But Fugitive Pieces is also a deeply researched excavation into history, at once intensely cerebral and lyrical, and Michaels writes in lush cadences that were made to be read or recited. Imagine the sentence “To live with ghosts requires solitude” on its way from page to screen, and you’ll see why the novel is almost unfilmable — except, perhaps, by a lyrical impressionist like Theo Angelopoulos.
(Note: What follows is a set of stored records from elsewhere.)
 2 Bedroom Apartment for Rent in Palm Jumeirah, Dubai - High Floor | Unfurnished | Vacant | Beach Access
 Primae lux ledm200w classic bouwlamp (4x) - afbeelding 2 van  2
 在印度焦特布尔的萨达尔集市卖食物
Canadian filmmaker Jeremy Podeswa has given it the old college try, but in pursuit of tact and sensitivity, he has hollowed out the novel’s urgency — its unflinching confrontation with the horrors of 20th-century history — in favor of a vaguely spiritual morbidity that slides into mere pathos. Fugitive Pieces is filled with vaporous survivors too ethereal for this world. That’s partly the point: Haunted by the ghosts of friends and family that can’t be laid to rest, the living are shadows of their former selves. But Podeswa has them staggering around looking as though they’ve misplaced their Ex-Lax. As Jakob Beer, a writer so traumatized by his history and that of 6 million others that he can barely function, Stephen Dillane (a fine actor, if barely plausible as a Jew) has little to do but mope around in midcentury hair, looking generically pained.

Played as a child by elfin British actor Robbie Kay, Jakob witnesses — after a fashion — the death of his parents and the disappearance of his beloved sister, Bella (Nina Dobrev), a budding pianist. Escaping into the forest, Jakob is rescued by Athos (Rade Serbedzija), a Greek geologist nursing his own losses, who smuggles the boy out of Poland to the Greek island where — two wounded souls clinging together for dear life — they wait out the German occupation before moving to Toronto.
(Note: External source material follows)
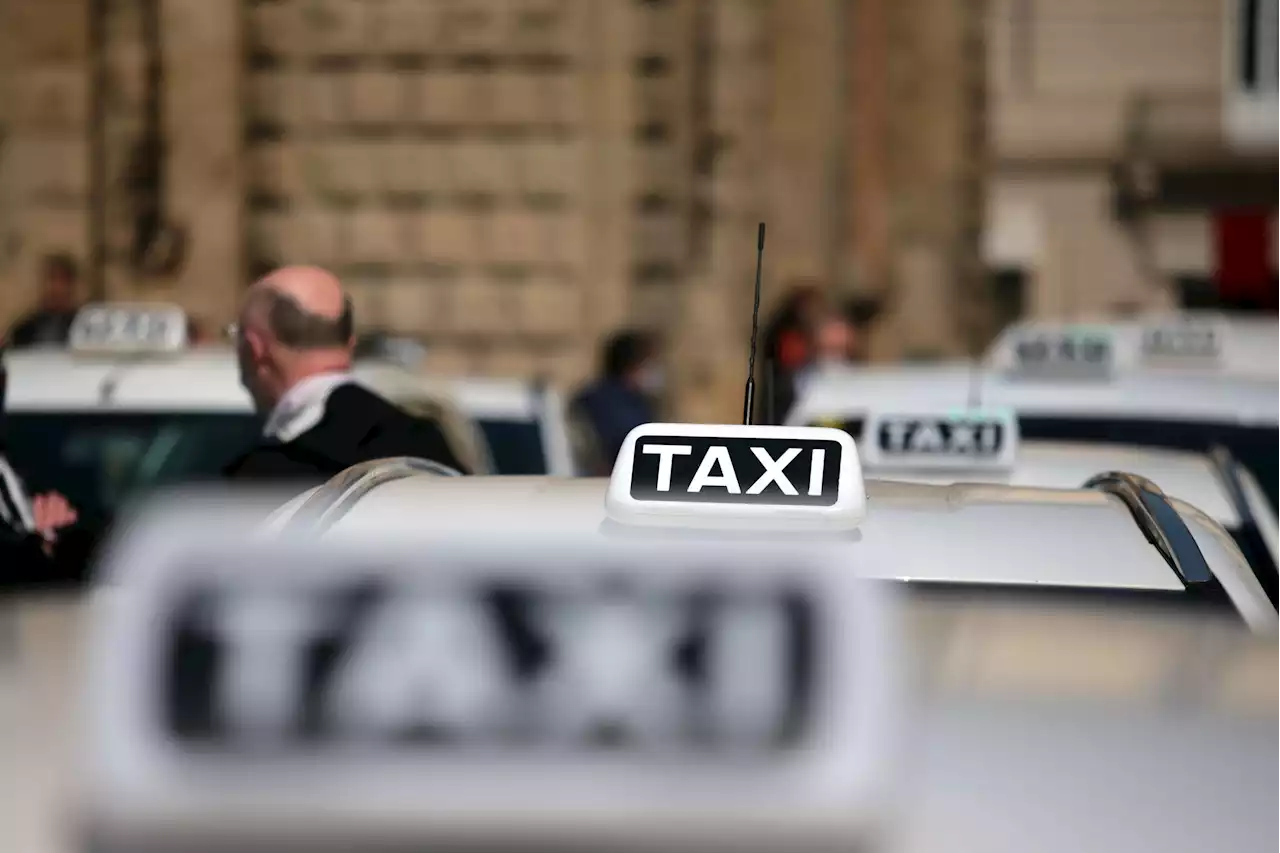 Taxi a Roma, l'attesa infinita alla Stazione Termini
It’s in that weathered city that they find comfort of sorts in the company of Yiddish-speaking neighbors who are also Holocaust survivors. When Athos dies, Jakob marries Alex (Rosamund Pike, a buffed and incongruously 21st-century blond lovely), but she fails to grasp his sorrowful obsession with the details of Nazi crimes. For it’s what Jakob hasn’t seen that plagues him, whether it be his sister’s unknown fate or that of the millions of other Jews who hid their testimony in the crevices of history and went to their deaths — spirits who hang around because no one has closed the book on their lives.
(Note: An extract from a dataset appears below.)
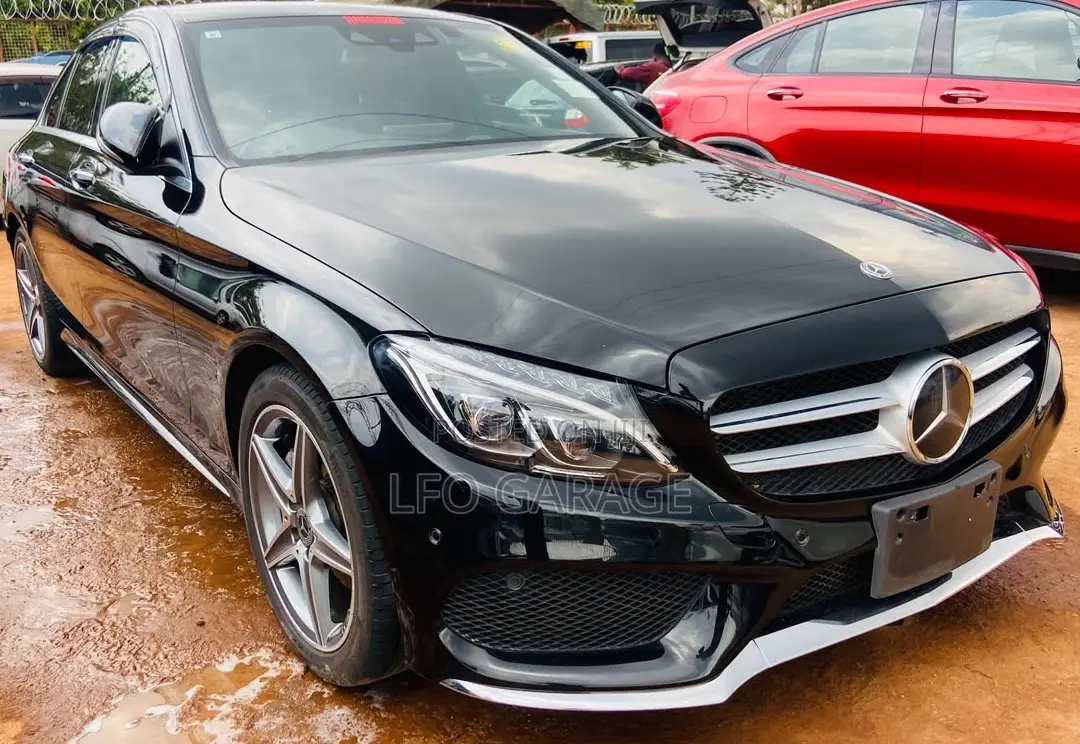 Mercedes-Benz C200 2017 Black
In the movie version of Fugitive Pieces, history is boiled down to mood and weather. Stolidly matching lighting with place — here’s Poland in distressed blue and gray, Canada in rain-washed slate, Greece basted in gold or lashed by temperamental Mediterranean storms — the movie dithers along, tiptoeing tastefully in and out of flashback and explanatory voice-over. Even hanging laundry becomes a sacred act. That’s not entirely Podeswa’s fault: He’s adapting rich prose that sometimes hovers on the border of precious itself, albeit always pulled back from the brink by the magnetic force of Michaels’ running geological metaphor — an erudite meditation on the relationship between matter and spirit and the way the past layers itself into the present. Cutting out that meat, Podeswa leaves us with, of all things, a relationship movie about waiting for the right woman to come along.

When all seems lost, Michaela, an understanding scholar (played by the voluptuous Israeli actress Ayelet Zurer, last seen breathing heavily beneath Eric Bana in Munich), walks in to juice up Jakob’s parched soul, and from then on, it’s billowing curtains, cheese and olives, and the promise of new life. Having grown up in an Israeli town populated by Holocaust survivors with fresh wounds, I’m not persuaded that a man who had weathered the kind of childhood hurt that Jakob suffered would be so easily or instantly saved, even by a lover as sympathetic as Michaela.

Michaels isn’t fully convinced either, for she begins her novel with a shock that subverts her own rosy ending. Significantly, Podeswa chooses to chop off this crucial pulling-out of hope’s rug, leaving us instead with a glossy future plucked from a Harlequin assembly line.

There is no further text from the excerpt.